- Born: c. 1205
- Died: 1292
- Occupations: Geographer, Traveler, businessman
- Notable work: Tarikh al-Mustansir

= Ibn al-Mujawir =

Medieval muslim traveller

Abu al-Fath Jamal al-Din Yusuf bin Yaqoub bin Muhammad Al Shaybani Al Dimashqi (أبو الفتح جمال الدين يوسف بن يعقوب ابن محمد), better known as Ibn al-Mujawir (c. 1205–1292) was a Yemeni historian, traveler and businessman. He is known for his travelogue Tarikh al-Mustabsir or Tarikh al-Mustansir (Chronicle of an intelligent observer), a travel chronicle describing cities, commerce, local dynasties and social mores of the southern Arabian Peninsula.

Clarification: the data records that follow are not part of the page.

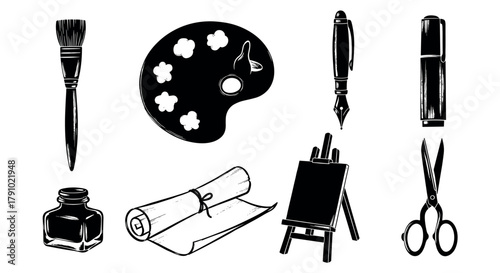 Black and white ink drawings of artistic tools, including a paintbrush, palette, pen, ink bottle, paper scroll, easel, and scissors.
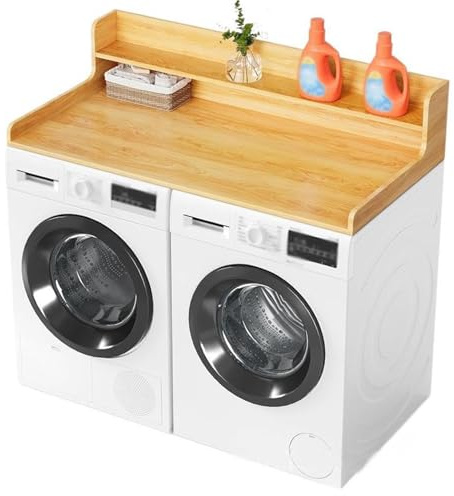 Waschmaschinen Und Trockner Arbeitsplatte Mit 2-stufigem Regal, 137 X 70 Cm Große Arbeitsplatte Aus Holz Mit Rutschfesten Pads Und Kantenschutz Für Ordnung Und Stauraum Im Waschraum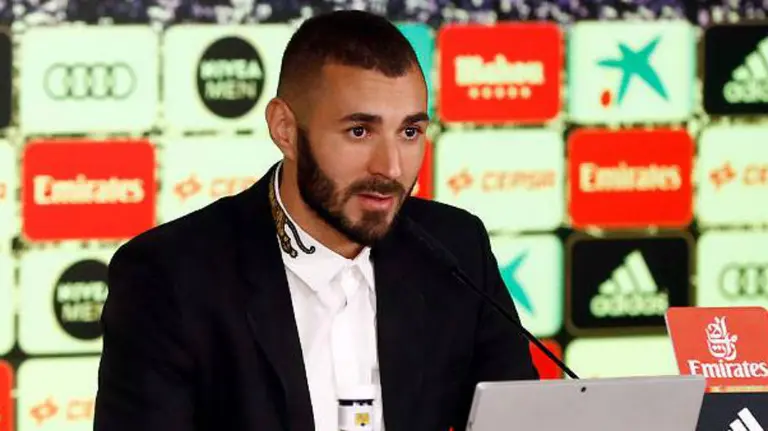 Benzema en rueda de prensa. Real Madrid.
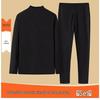 Men's Korean Fleece Set: Long Sleeve, Long Pants, High Neck, Double-Sided, Warm Base Layer for Autumn and Winter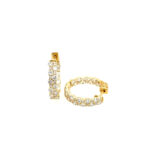 Yellow Gold In and Out Diamond Huggie Hoops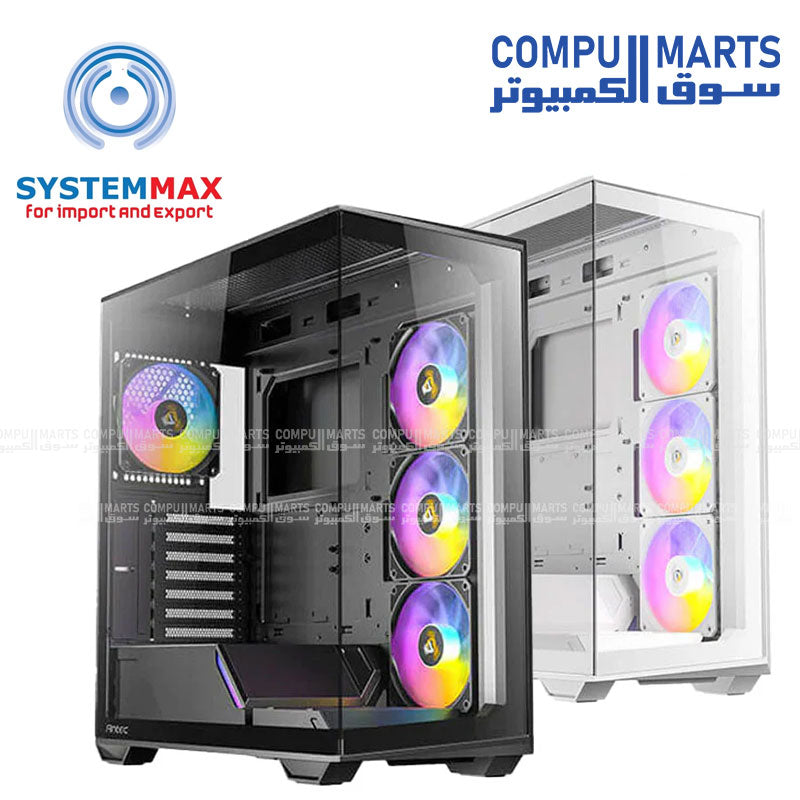 Antec C3 ARGB Mid-Tower ATX PC case with tempered glass side panel, 3 x 120mm ARGB front fans and 1 x 120mm rear fan included, optimized airflow, and liquid cooling support up to 360mm radiator.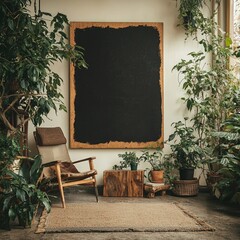 Fototapete - A minimalistic Scandinavian style home interior includes a mockup of a frame and a wall art picture poster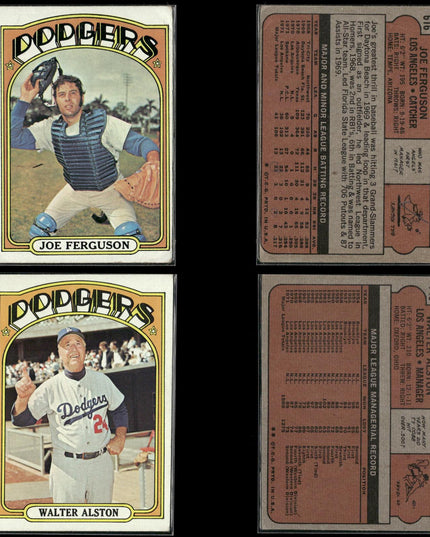 35-Card Lot Vintage 1972 Topps Los Angeles Dodgers | MLB Baseball Trading Cards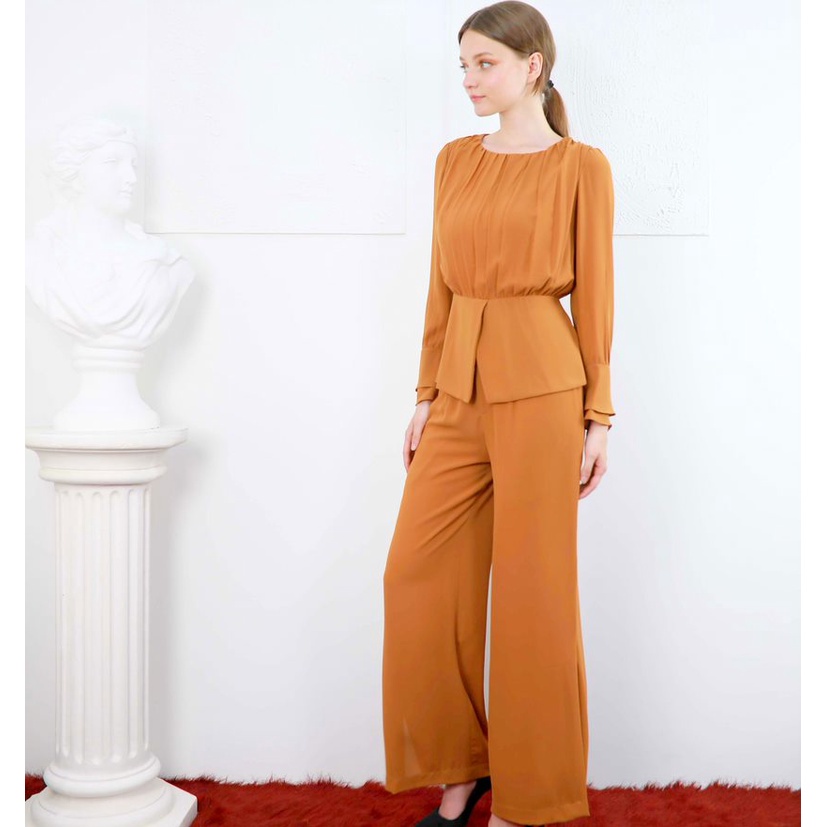 Set áo kèm quần ống suôn thiết kế chất liệu Lụa Ý mềm mịn, sang trọng mã AQK 3455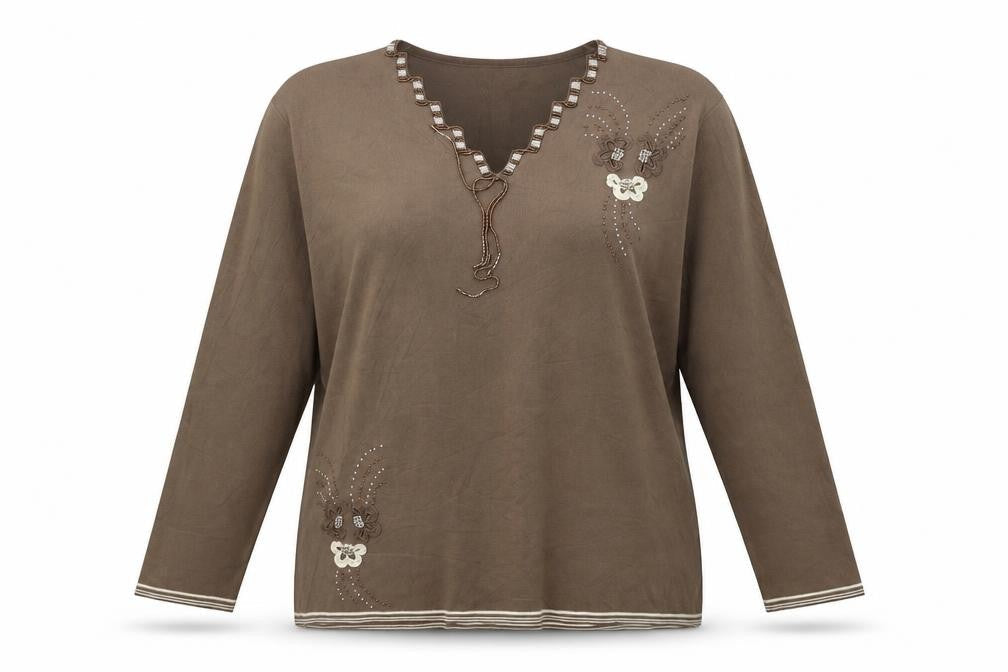 Touch Womens Brown   Basic T-Shirt Size L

The chronicle is an important source for the economic history and popular life of the southern areas of the Arabian Peninsula and the isle of Socotra in the early 13th century.

He travelled from Mecca south through the Red Sea, and along the southern coast of the Arabian Peninsula to the Persian Gulf. In Aden, at that time at the beginning of its medieval prosperity under the Ayyubids, he observed the activities of the port to report on its administration, taxes, markets, customs, currency, weights and measures. His route then continued along the southern coast of Arabia, where he described the historical connections of the Gulf of Aden to India adapting the Indian epic of the Ramayana.

He described the habits of the people: buildings, dress, agriculture, food and history. He also had an ear for their manners, tales and myths. He described maritime contacts between Madagascar, the East African coast, Aden and Siraf, the Persian golf port. He mapped cities in the style of the Balkhi school.